St. Francis Xavier University philosophy professor Will Sweet says technology has contributed to a breakdown of community. The result, he says, is that many people are not being challenged for their actions: `The computer doesn't say what I am doing is wrong.'
From The Ottawa Citizen, p. 3, Tues., Dec. 28, 1999

By Bob Harvey

Technology has always challenged religion, says philosopher Will Sweet.

``The difficulty now is that everything is being challenged. Giving up your faith isn't the answer. If you're a person of faith, you have to respond intelligently.''

The invention of the printing press in the 15th century helped launch Protestantism, and break the Roman Catholic Church's hold on western Europe. In the 17th century, Galileo proved the earth revolves around the sun and the Inquisition sentenced him to house arrest. In the 19th and 20th centuries, archeology and carbon dating shattered some believers' idea the earth was created between 6,000 and 10,000 years ago.

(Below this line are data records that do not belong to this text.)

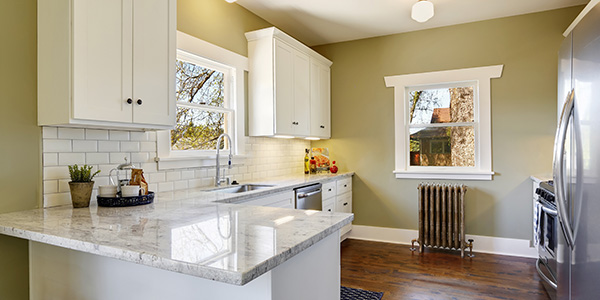 Freshly Updated Small Kitchen With White Cabinets and Subway Tile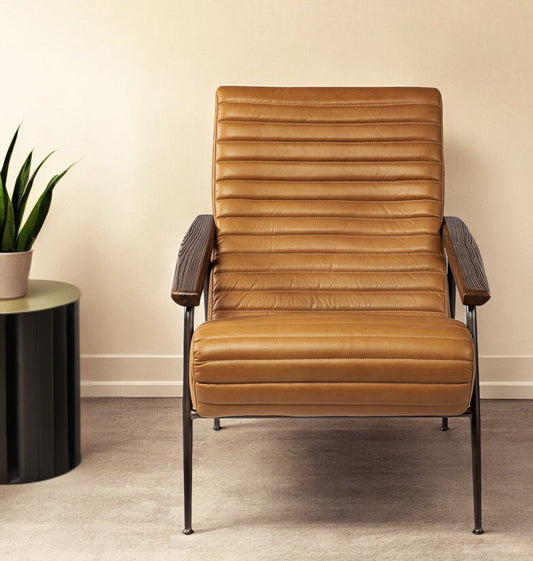Brown leather armchair with black metal legs in a room setting.
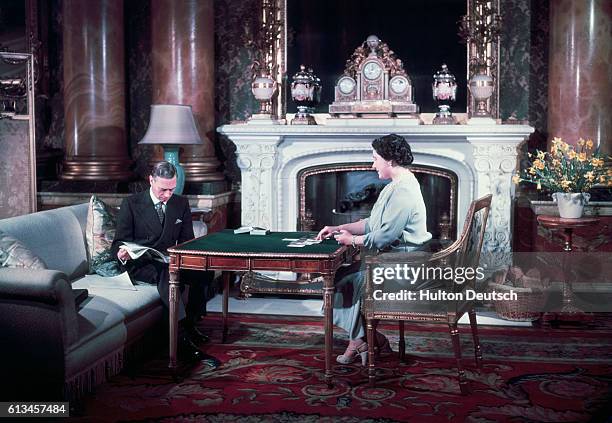 King George VI and Queen Elizabeth of England relax at home in Buckingham Palace. These pictures were taken specially to mark the occasion of their...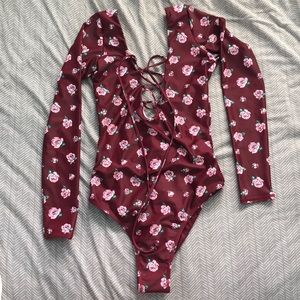 Volcom long sleeved one piece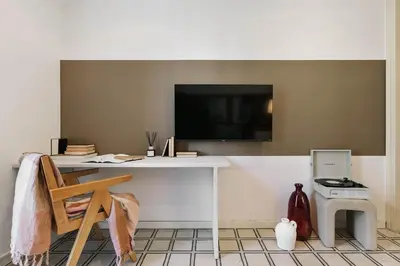 a living room with a couch and a table at Veduto - 2 bedrooms in Eixample Esquerra in Barcelona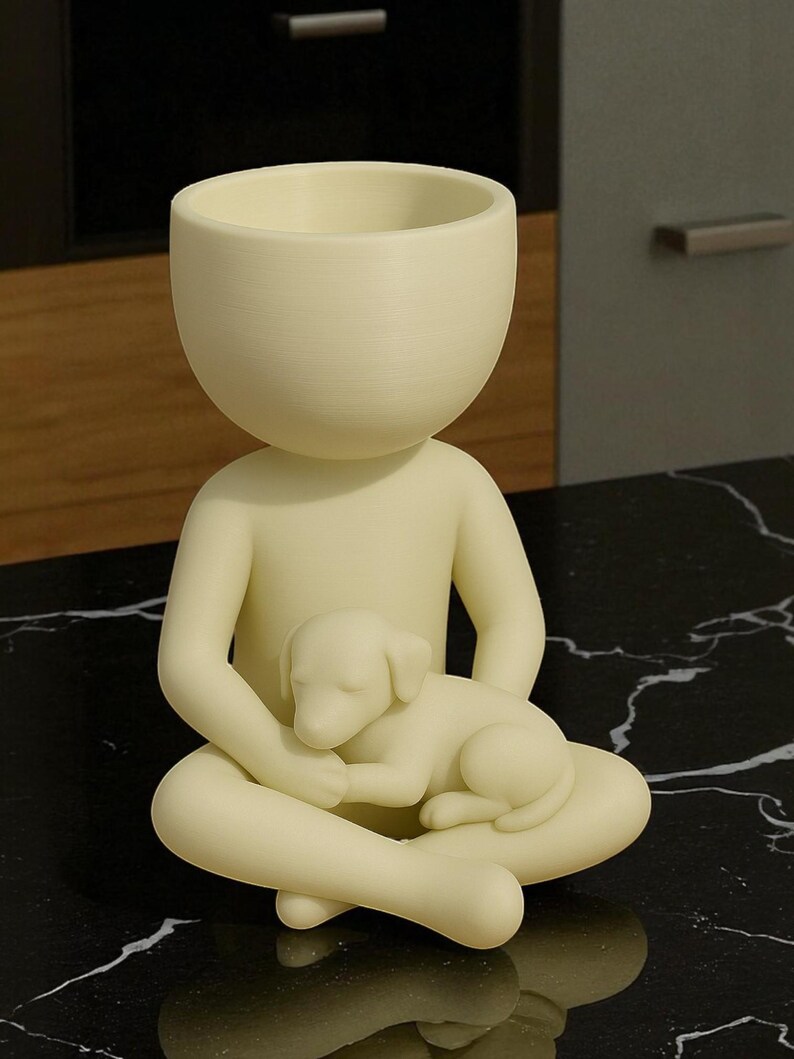 May include: A cream-colored figurine of a person seated with legs crossed, cradling a sleeping puppy. The figure has a large, open head, designed to hold small plants or items. The figurine is on a black, marble-like surface.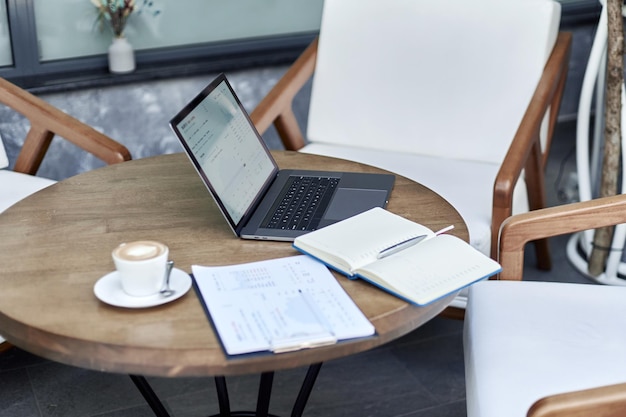 Abra el cuaderno y una computadora portátil en la mesa en un cibercafé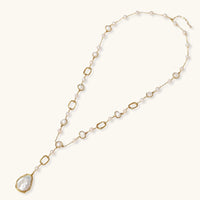 Long gold-plated necklace with alternating freshwater pearls and crystal bezels, featuring a large baroque pearl pendant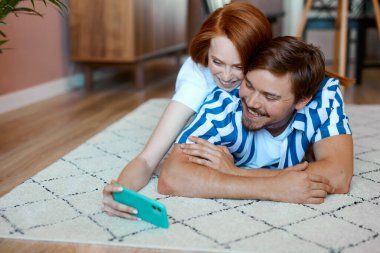 Çift evde akıllı telefon kullanarak fotoğraf çekiyor.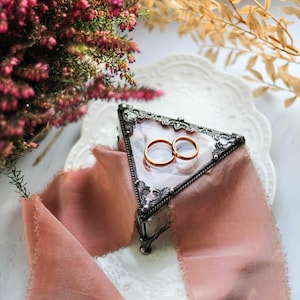 May include: Two gold wedding bands in a triangular glass box with an ornate silver frame. The box is sitting on a white plate with a pink ribbon.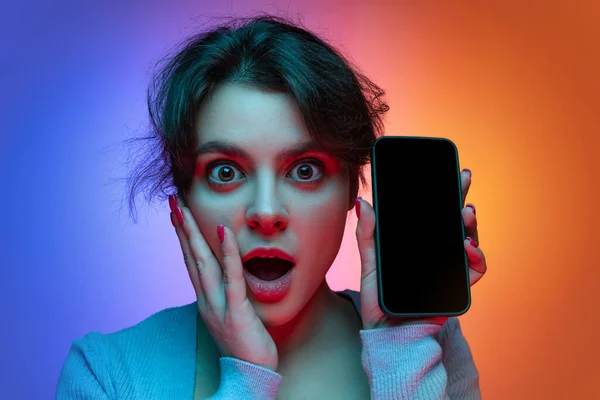 Close-up of shocked, surprised young pretty girl in warm gray knitted sweater with phone isolated on gradient blue orange neon background — 图库照片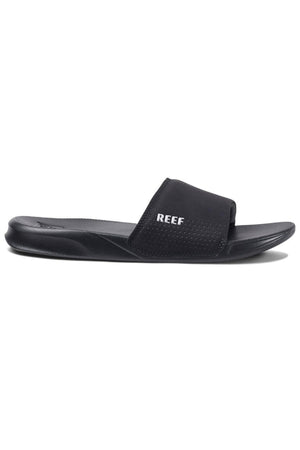 The REEF One Slide features a sleek, black design with a contoured footbed and wide strap across the top of the foot. The strap has small perforations for ventilation and proudly displays the white "REEF" logo. These stylish slides offer modern comfort with a waterproof design, perfect for versatile wear.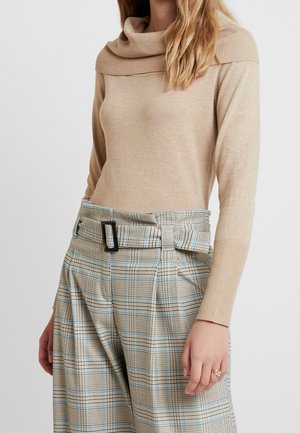 Femme portant un pull beige avec un large col côtelé et un pantalon beige et bleu à carreaux taille haute avec une boucle de ceinture rectangulaire noire.
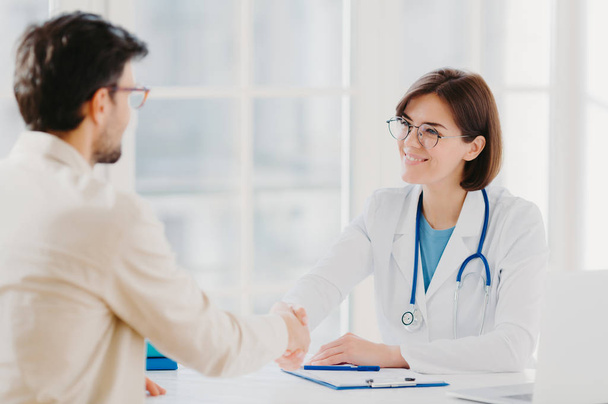Friendly female doctor greets patient with handshake, pose in private clinic, sit opposite each other, have talk, agree to sign insurance contract, meet in hospital. Health care and medicine concept - Photo, image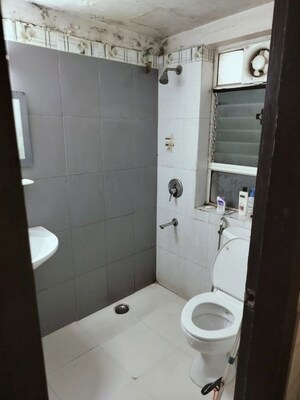 Bathroom in 2 BHK Apartment at South City Garden, B L Saha Road – for Rent
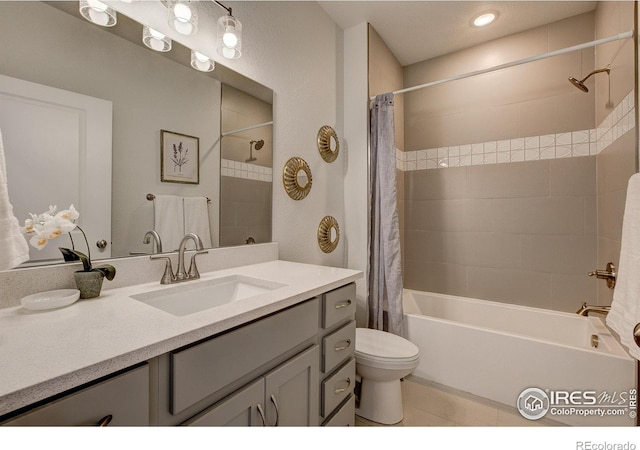 bathroom with shower / bath combination with curtain, toilet, tile patterned floors, and vanity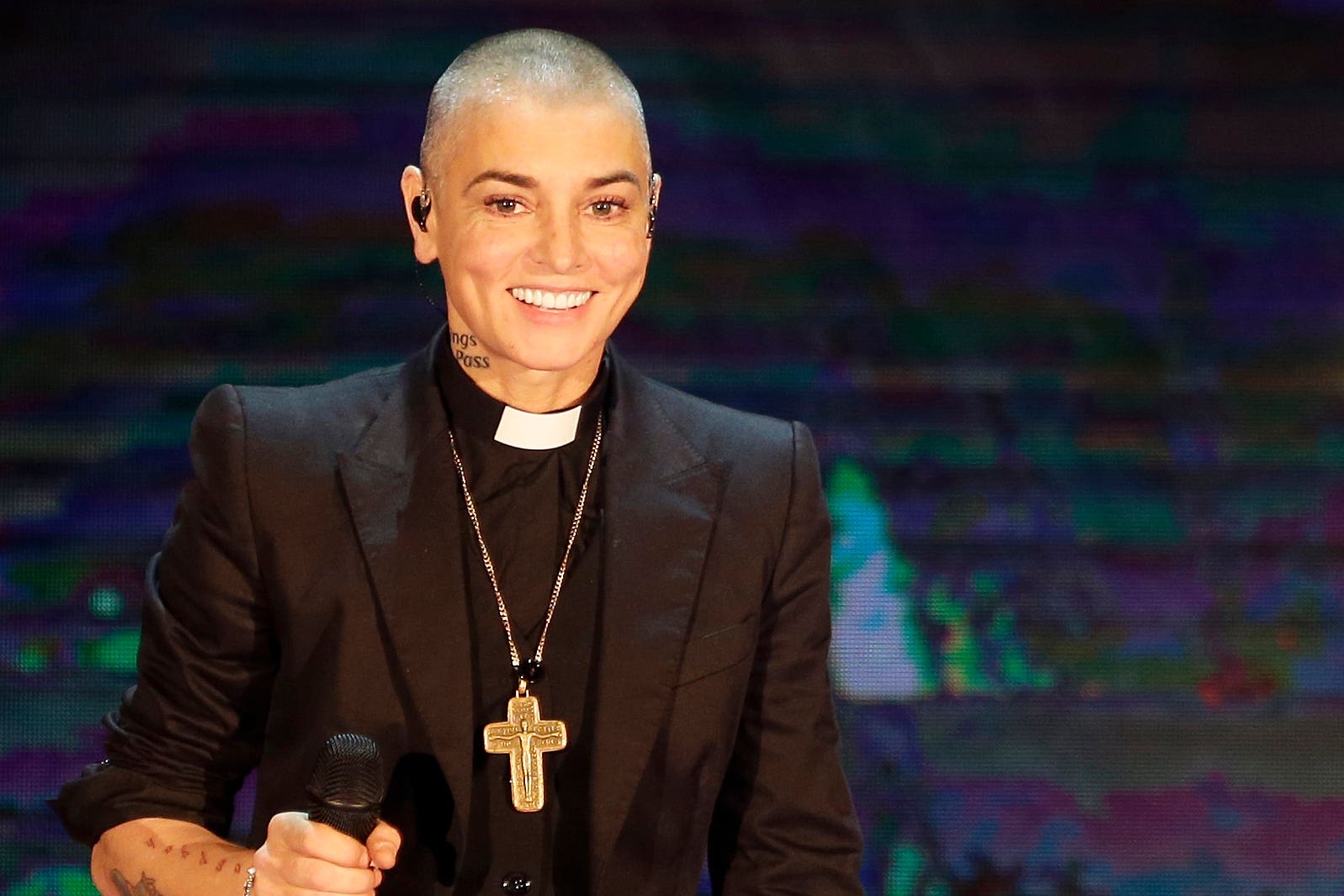 Irish singer Sinead O’Connor performs during the Italian State RAI TV programme in 2014 (Antonio Calanni/AP)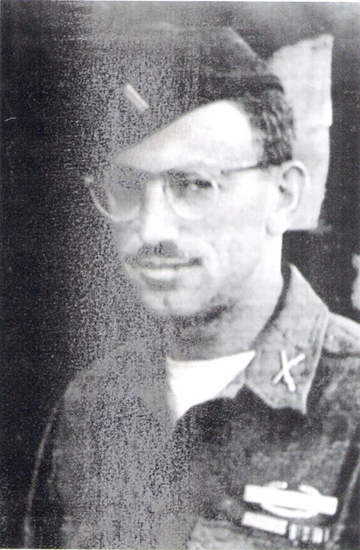 Edward Kenney wearing glasses in a black-and-white portrait.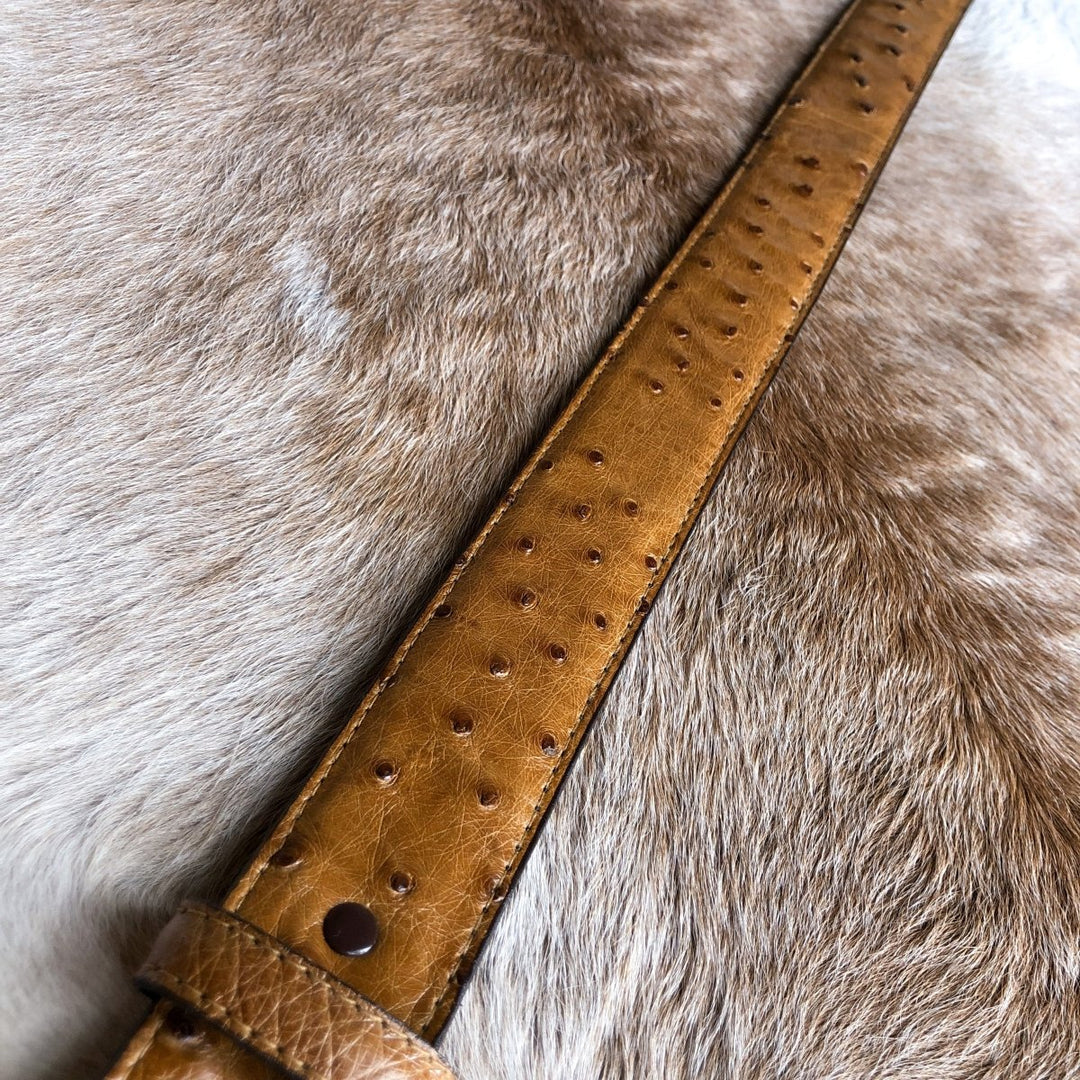 The Du Bois Belt by Savannah Sevens western life{&}style, made from handcrafted ostrich leather with a dotted texture, is displayed on light brown animal cowhide.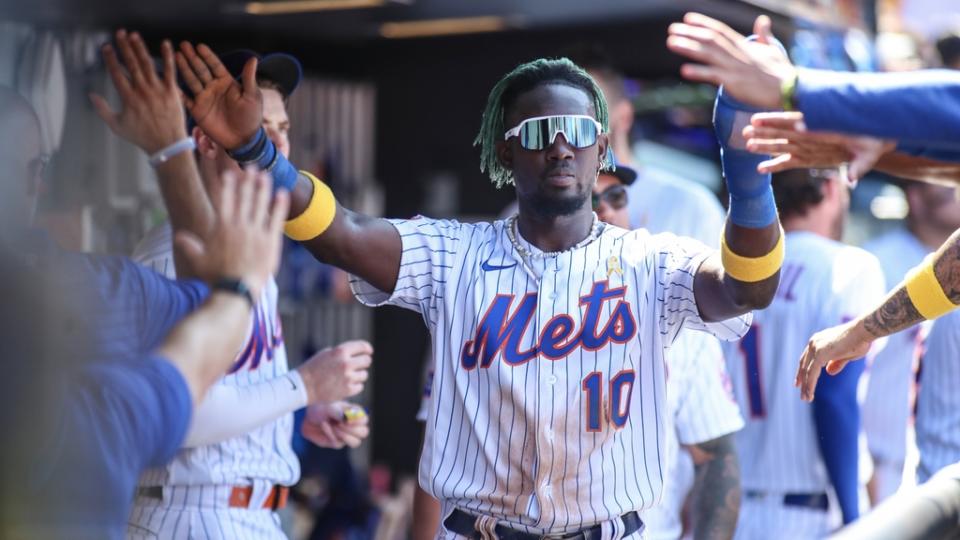 Sep 3, 2023; New York City, New York, USA; New York Mets second baseman Ronny Mauricio (10) is greeted in the dugout after scoring in the second inning against the Seattle Mariners at Citi Field.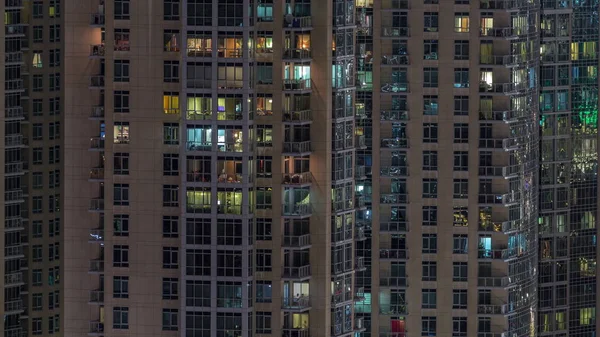 Janelas do edifício de vários andares com iluminação interior e pessoas em movimento em apartamentos timelapse . — Fotografia de Stock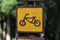 Close up yellow and brown bike on Wood banner sign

At the dawn of the 21st century, says Mr. Sweet, technology's challenges to faith come at us from every direction: the Internet serves up pornography, the media spread other religions, and cryogenics offers the possibility of a kind of eternal life.

On the wall of Mr. Sweet's office at St. Francis Xavier University are framed copies of some of his 11 earned degrees, including three doctorates. He grew up in Ottawa, so two of those three doctorates are from Ottawa's Carleton and St. Paul Universities, and the other from the Sorbonne in Paris.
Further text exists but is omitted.